Alex Fiddler picture Alex Fiddler · Nov 8, 2012 · Viewed 12.8k times · Source

I have observed that when the linux futexes are contended, the system spends A LOT of time in the spinlocks. I noticed this to be a problem even when futexes are not used directly, but also when calling malloc/free, rand, glib mutex calls, and other system/library calls that make calls to futex. Is there ANY way of getting rid of this behavior?

I am using CentOS 6.3 with kernel 2.6.32-279.9.1.el6.x86_64. I also tried the latest stable kernel 3.6.6 downloaded directly from kernel.org.

Originally, the problem occurred on a 24-core server with 16GB RAM. The process has 700 threads.
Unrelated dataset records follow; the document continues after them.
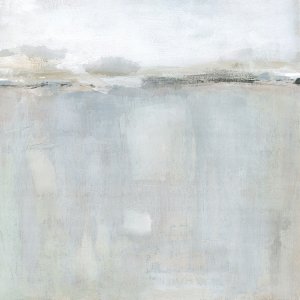 Days to Come II Oil painting by Carol Robinson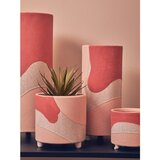 Premier Housewares Keramičen okrasni cvetlični lonec ø 16 cm Jada – | Shoptok.si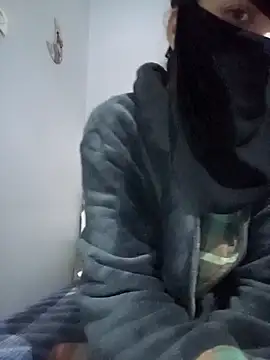 Milan-88 online show from March 2026 09:11:01 PM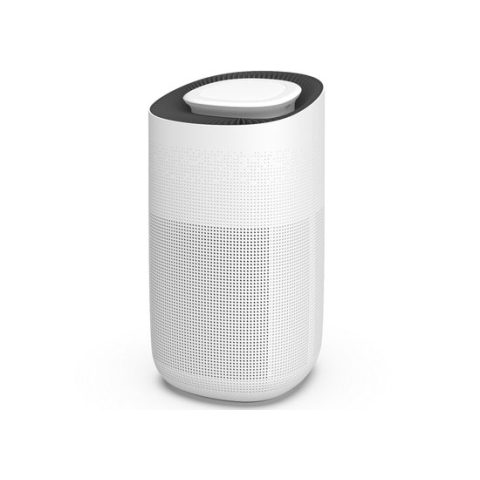 Beacon Maxi Luchtreiniger 213082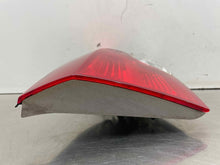 Load image into Gallery viewer, TAIL LIGHT LAMP ASSEMBLY Terrain 10 11 12 13 14 15 16 17 Left - NW712479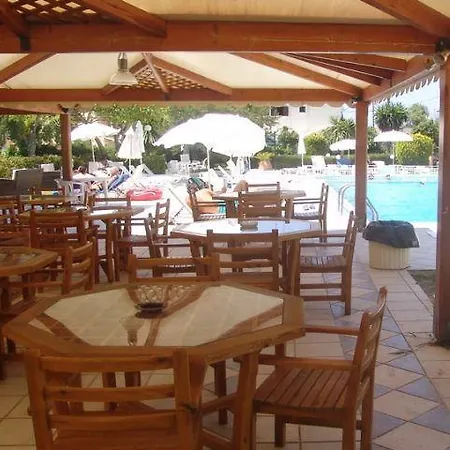 Silver (adults Only) 2*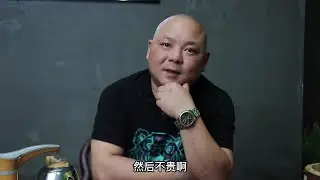一位很实在的餐饮老板，踏踏实实，本本分分。爱好做菜，从业20多年仍然对工作充满热情。未来可期！#社会百态 #小城大明星 #餐饮人加油 #人物故事 #小故事大道理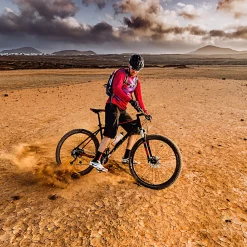 ROSE Bikes MT1 NEO II Bike Helmet| Urban Helmets And City Helmets|MTB Helmets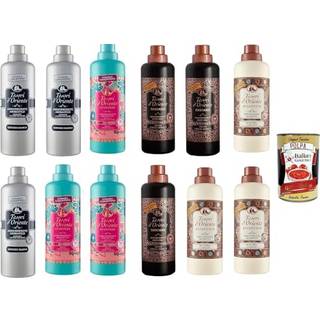 Tesori d'Oriente Skyllemiddel Byzantium 760ml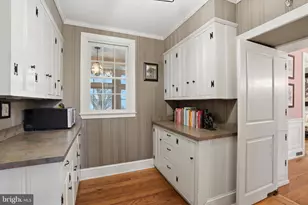 595 Birmingham Rd, West Chester, PA 19382 - Photo 10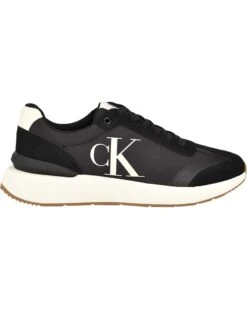 Calvin Klein Dilbur | Sneakers & Athletic Shoes -Closet Fave Shop 61OOHhvdgL. AC SR736920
The data collected with "perf record" shows that the spinlock is called from the futex called from __lll_lock_wait_private and __lll_unlock_wake_private, and is eating away 50% of the CPU time. When I stopped the process with gdb, the backtraces showed the calls to __lll_lock_wait_private __lll_unlock_wake_private are made from malloc and free.

I was trying to reduce the problem, so I wrote a simple program that shows it's indeed the futexes that are causing the spinlock problem.
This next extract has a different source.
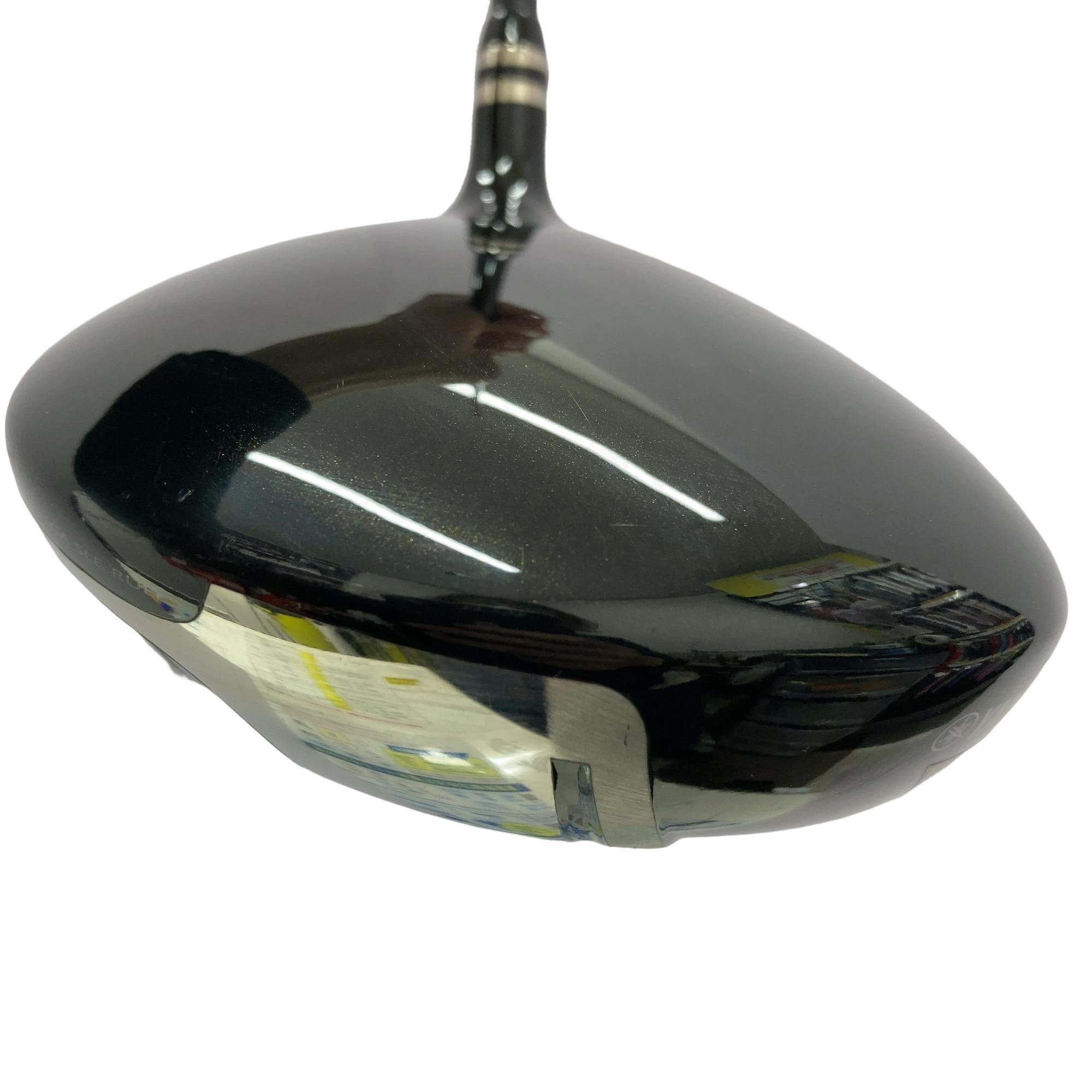 �������������@�w�@�c�Q�O�Q�@�P�O�D�T°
Start 8 threads, with each thread doing the following:

   //...
   static GMutex *lMethodMutex = g_mutex_new ();
   while (true)
   {
      static guint64 i = 0;
      g_mutex_lock (lMethodMutex);
      // Perform any operation in the user space that needs to be protected.
      // The operation itself is not important.  It's the taking and releasing
      // of the mutex that matters.
      ++i;
      g_mutex_unlock (lMethodMutex);
   }
   //...

I am running this on an 8-core machine, with plenty of RAM.

Using "top", I observed that the machine is 10% idle, 10% in the user mode, and 90% in the system mode.
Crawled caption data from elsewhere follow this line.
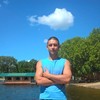   andrey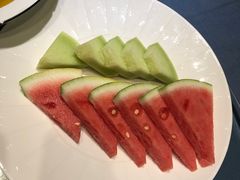 -恒记饭店·海鲜明档(淹城店)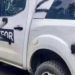 Simboli ‘Z’ i Putinit shfaqet në veri të Kosovës, serbët provokojnë… –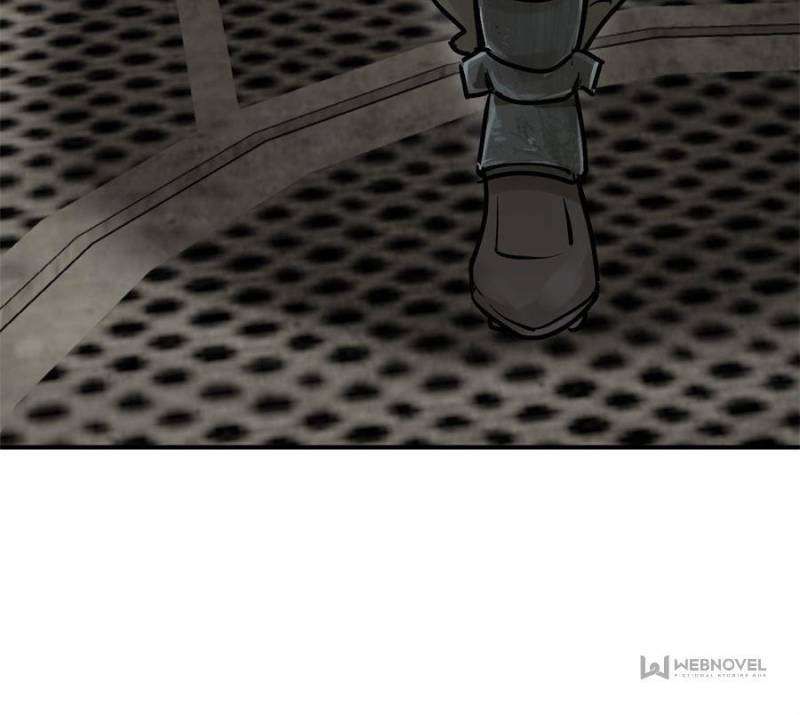 Another beginning with the Guhuo bird chapter 261 page 91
Using "perf top", I observed the following:

 50.73%  [kernel]                [k] _spin_lock
 11.13%  [kernel]                [k] hpet_msi_next_event
  2.98%  libpthread-2.12.so      [.] pthread_mutex_lock
  2.90%  libpthread-2.12.so      [.] pthread_mutex_unlock
  1.94%  libpthread-2.12.so      [.] __lll_lock_wait
  1.59%  [kernel]                [k] futex_wake
  1.43%  [kernel]                [k] __audit_syscall_exit
  1.38%  [kernel]                [k] copy_user_generic_string
  1.35%  [kernel]                [k] system_call
  1.07%  [kernel]                [k] schedule
  0.99%  [kernel]                [k] hash_futex

I would expect this code to spend some time in the spinlock, since the futex code has to acquire the futex wait queue. I would also expect the code to spend some time in the system, since in this snippet of code there is very little code running in the user space. However, 50% of time spent in the spinlock seems to be excessive, especially when this cpu time is needed to do other useful work.

Answer

Antti picture Antti · Nov 8, 2012

I've ran into similar issues as well. My experience is that you may see a performance hit or even deadlocks when locking and unlocking a lot, depending on the libc version and a lot of other obscure things (e.g. calls to fork() like here).

This guy solved his performance problems by switching to tcmalloc, which may be a good idea anyway depending on the use case. It could be worth a try for you as well.

For me, I saw a reproducible deadlock when I had multiple threads doing lots of locking and unlocking. I was using a Debian 5.0 rootfs (embedded system) with a libc from 2010, and the issue was fixed by upgrading to Debian 6.0.